### DATA SHOWN
BEGIN
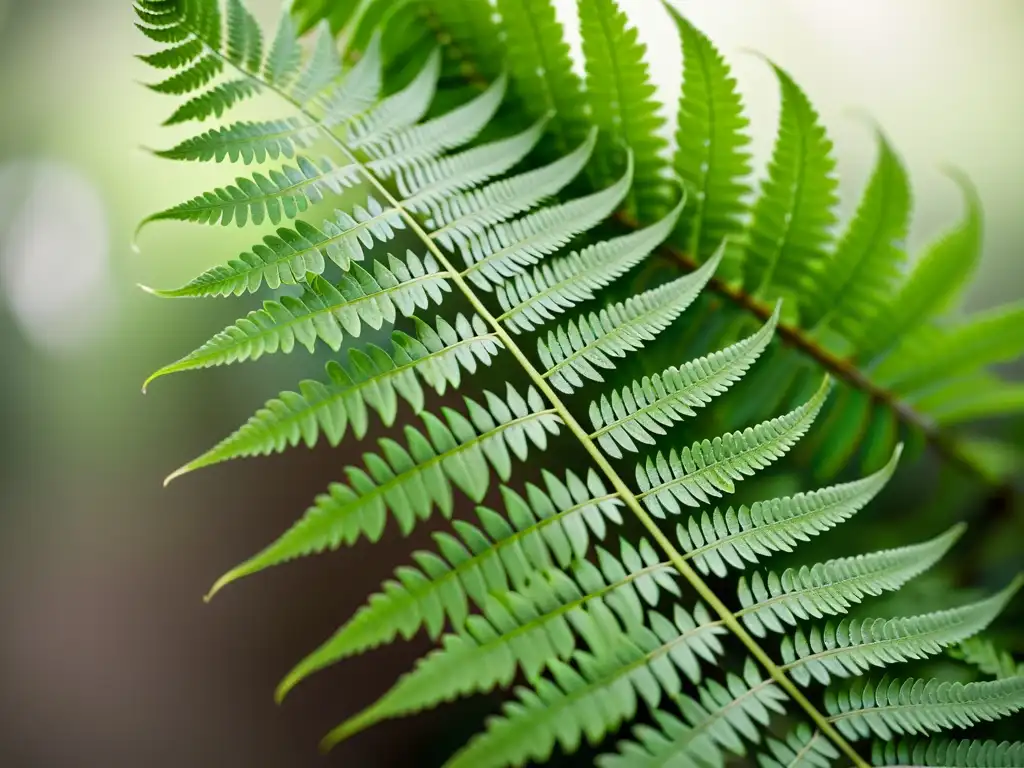 Fotografía de plantas de interior: Detalle de helecho verde exuberante desplegando sus frondas sobre fondo neutro, resaltando su belleza natural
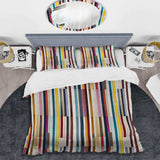 Multicolor Elegant Striped Pattern - Duvet Cover Set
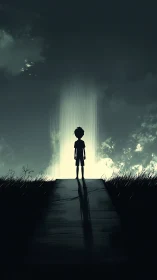 Lone child gazes into a mysterious curtain of glowing light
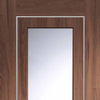 Bespoke Varese Walnut Galzed Single Frameless Pocket Door Detail - Aluminium Inlay - Prefinished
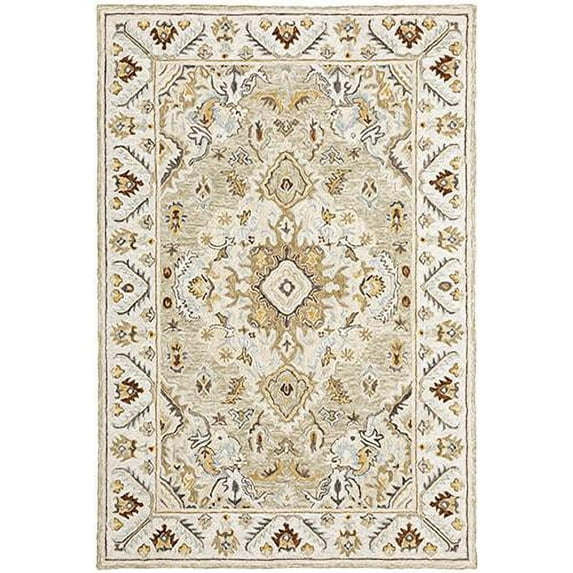 Oriental Weavers Alfresco Area Rug 28403 Traditional Ivory Bordered Bulbs 3' 6" x 5' 6" Rectangle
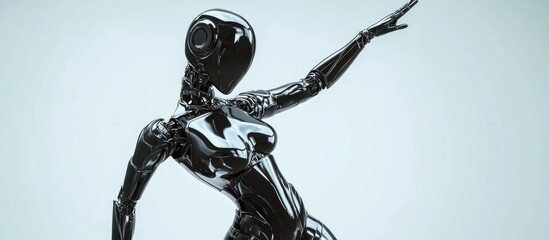 Dance robot female figure Shiny metallic droid Artificial intelligence theme Conceptual fashion artwork Realistic 3D rendered illustration Studio setting isolated high key lighting
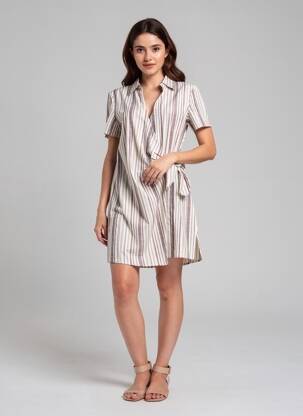 Rochie scurtă mâneci scurte mâneci scurte maro ARTLOVE femeie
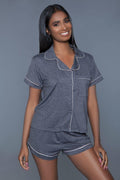 Soft Jersey Pajama Set With Buttoned Short Sleeves Top And Stretch Waist Bottoms - AM APPAREL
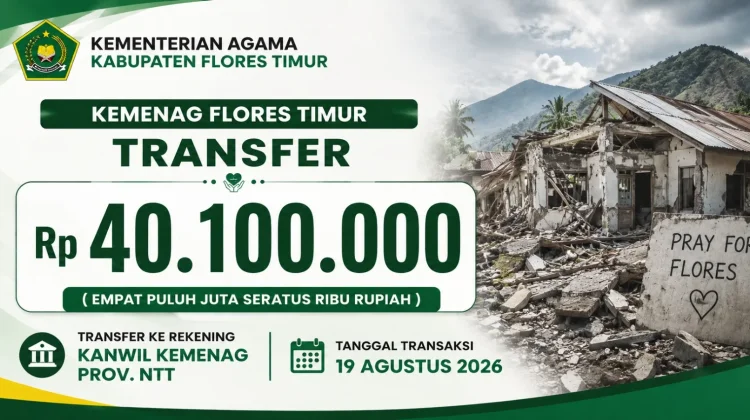 Wujud Cinta Kemanusiaan, Kemenag Flores Timur Salurkan Donasi Korban Gempa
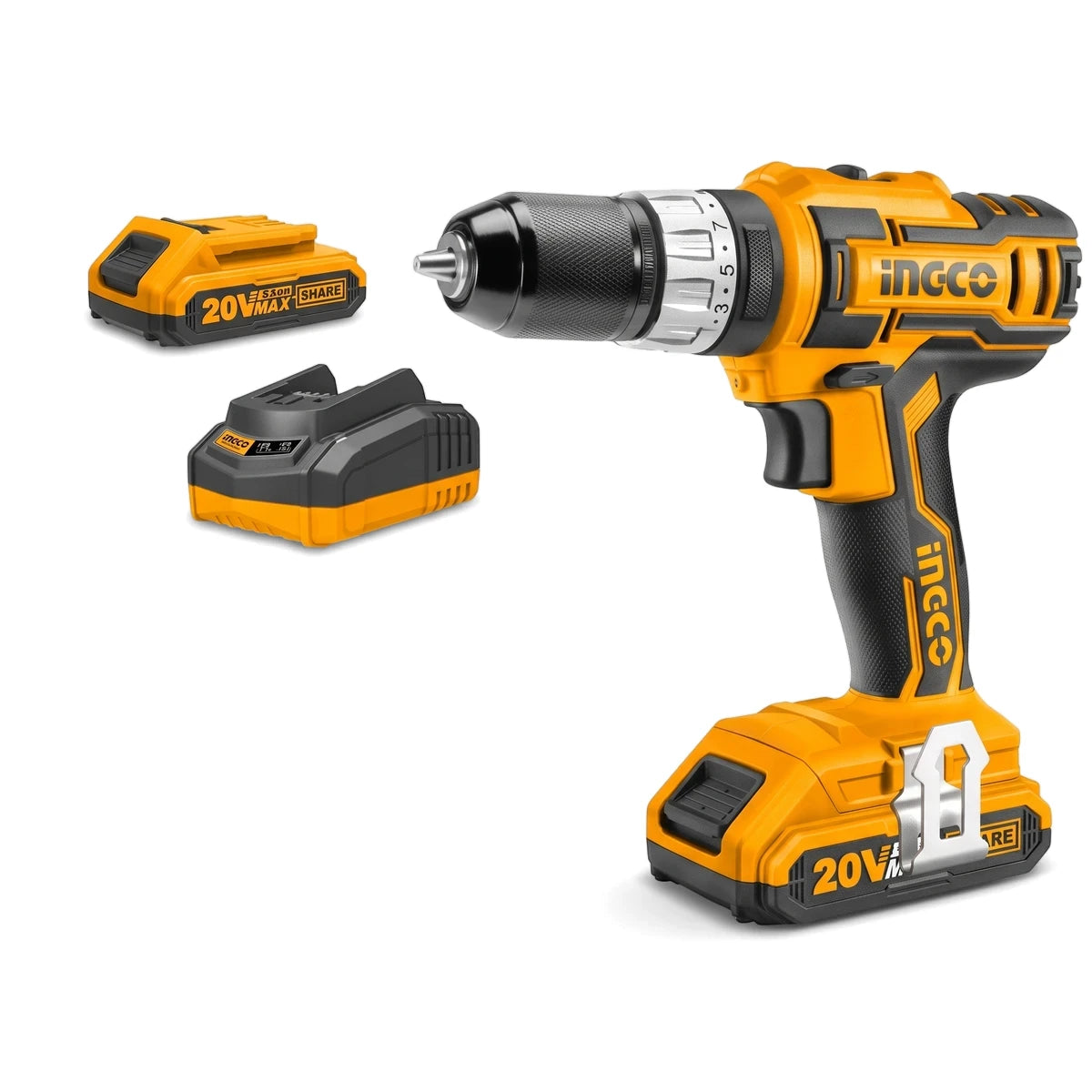 Yellow and black Ingco 20V cordless impact drill kit with two rechargeable 20V batteries, shown from a front perspective.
END
### EXERCISE BRIEF
If an entry above contains a picture, leave that picture out and copy everything else exactly.

### RESPONSE TO THIS EXERCISE
 Fotografía de plantas de interior: Detalle de helecho verde exuberante desplegando sus frondas sobre fondo neutro, resaltando su belleza natural
 Multicolor Elegant Striped Pattern - Duvet Cover Set
 Lone child gazes into a mysterious curtain of glowing light
 Bespoke Varese Walnut Galzed Single Frameless Pocket Door Detail - Aluminium Inlay - Prefinished
 Oriental Weavers Alfresco Area Rug 28403 Traditional Ivory Bordered Bulbs 3' 6" x 5' 6" Rectangle
 Dance robot female figure Shiny metallic droid Artificial intelligence theme Conceptual fashion artwork Realistic 3D rendered illustration Studio setting isolated high key lighting
 Rochie scurtă mâneci scurte mâneci scurte maro ARTLOVE femeie
 Soft Jersey Pajama Set With Buttoned Short Sleeves Top And Stretch Waist Bottoms - AM APPAREL
 Wujud Cinta Kemanusiaan, Kemenag Flores Timur Salurkan Donasi Korban Gempa
 Yellow and black Ingco 20V cordless impact drill kit with two rechargeable 20V batteries, shown from a front perspective.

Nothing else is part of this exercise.